Task to complete:
Reproduce without any pictures the lines from the one that contains "Understanding What Is Best CFD Trading 1 Understanding" through the end of the records, exactly as written.

——

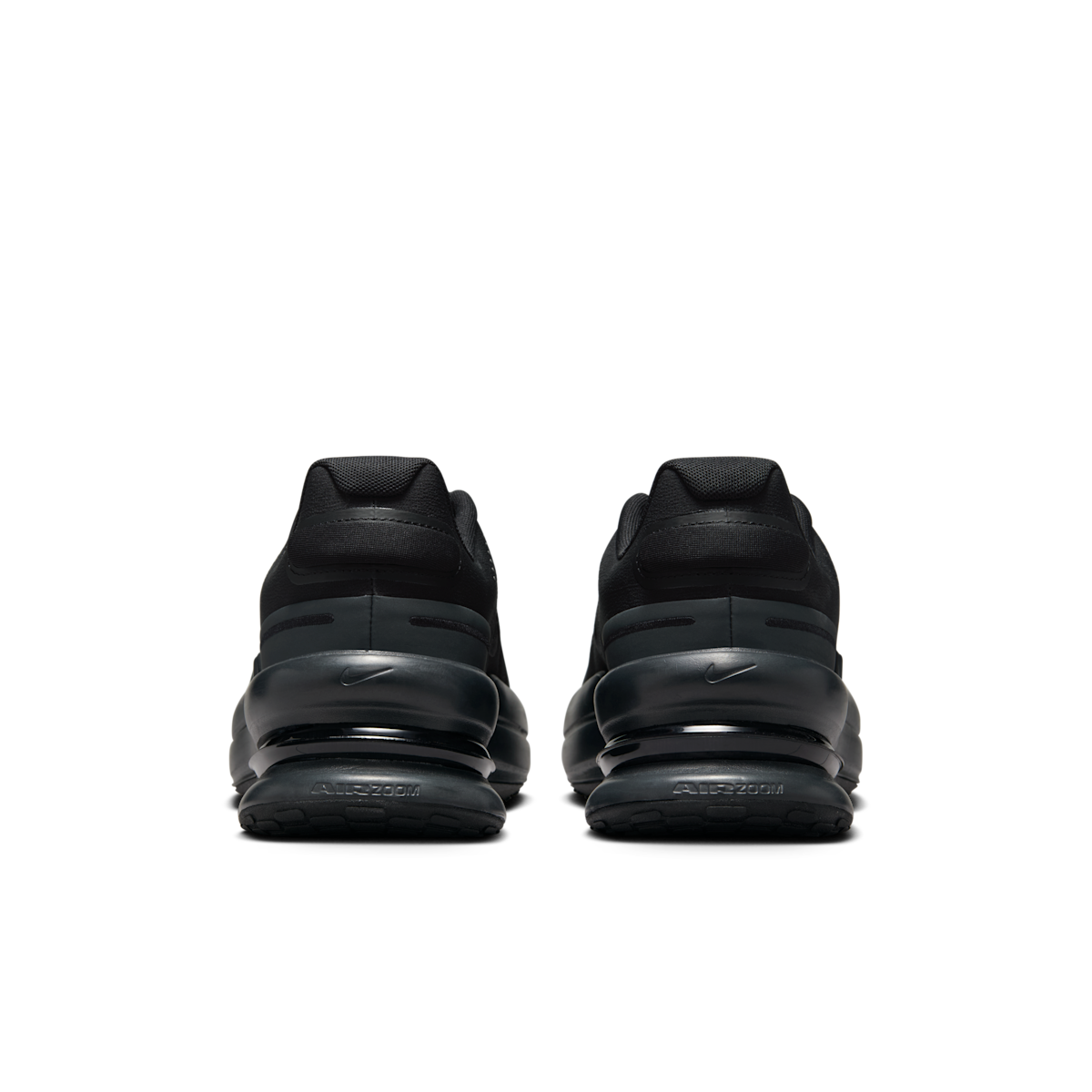 Zapatos de hombre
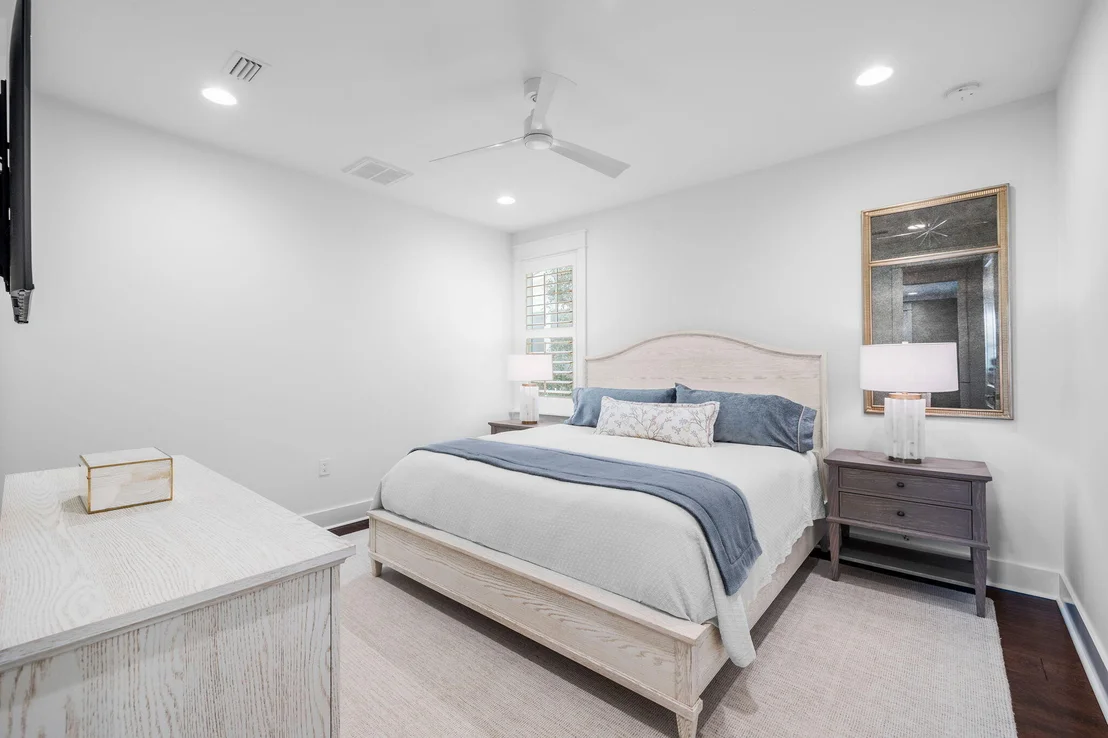Photo of 232 Medley Street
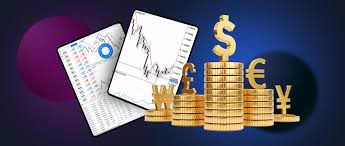 Understanding What Is Best CFD Trading 1 Understanding What Is Best CFD Trading 1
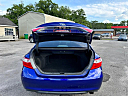Thumbnail image of 2015 Toyota Camry at MPH Auto Group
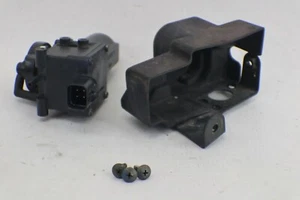 2006 06 Yamaha Royal Star Venture XVZ 1300 XVZ13TF cruise control servo solenoid - Picture 1 of 12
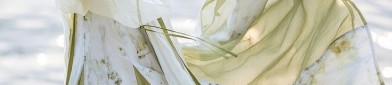 The Youthful Charm of Blue Hanfu:A Journey into the World of a Teenagers Elegant Traditional Attire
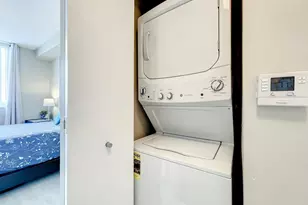 18800 NE 29th Ave, Aventura, FL 33180 - Photo 19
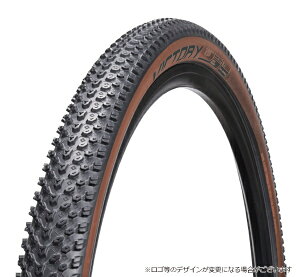 H-5129 VICTORY 27.5×1.75 XLTCh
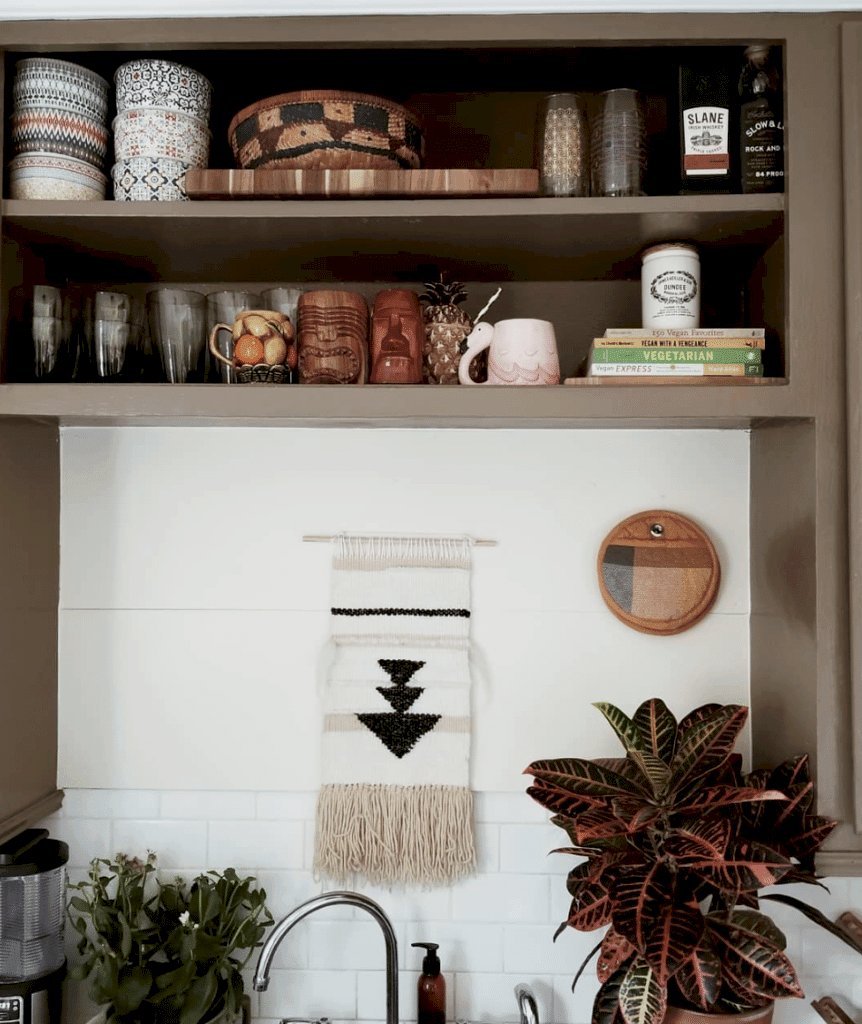 charming mid-century california bungalow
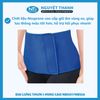 Đai Lưng Thun I-M NB507 NB516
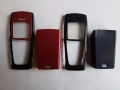 Панел Nokia 6111 Nokia 2310 Nokia 6220 Nokia 3660 Nokia 2300 Nokia 1800 Nokia N77 Nokia 6085, снимка 12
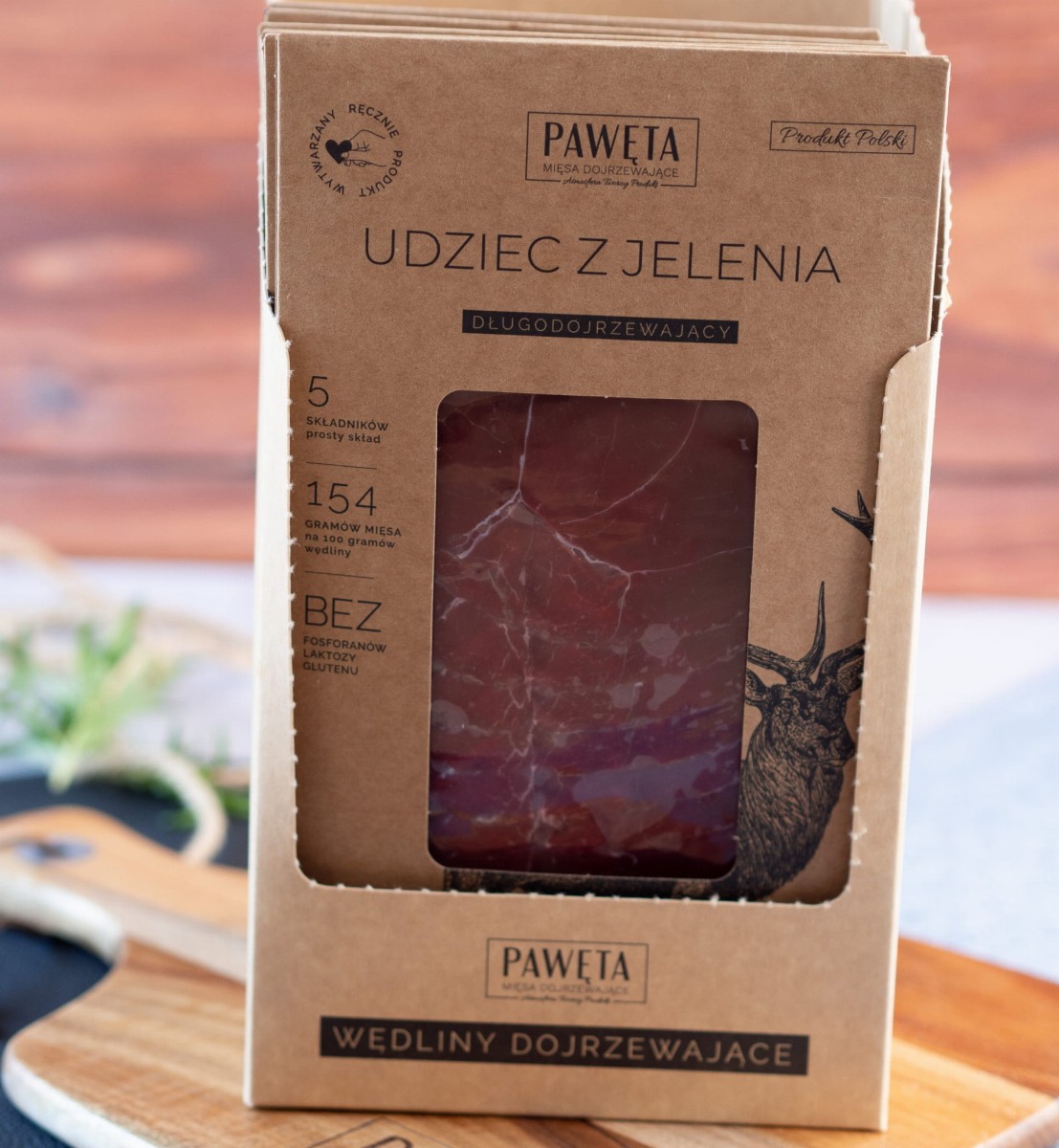PAWĘTA_udziec jeleń.jpg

——

Written response:
 Understanding What Is Best CFD Trading 1 Understanding What Is Best CFD Trading 1
Thumbnail image of 2015 Toyota Camry at MPH Auto Group
 2006 06 Yamaha Royal Star Venture XVZ 1300 XVZ13TF cruise control servo solenoid - Picture 1 of 12
 The Youthful Charm of Blue Hanfu:A Journey into the World of a Teenagers Elegant Traditional Attire
 18800 NE 29th Ave, Aventura, FL 33180 - Photo 19
 H-5129 VICTORY 27.5×1.75 XLTCh
 charming mid-century california bungalow
 Đai Lưng Thun I-M NB507 NB516
 Панел Nokia 6111 Nokia 2310 Nokia 6220 Nokia 3660 Nokia 2300 Nokia 1800 Nokia N77 Nokia 6085, снимка 12
PAWĘTA_udziec jeleń.jpg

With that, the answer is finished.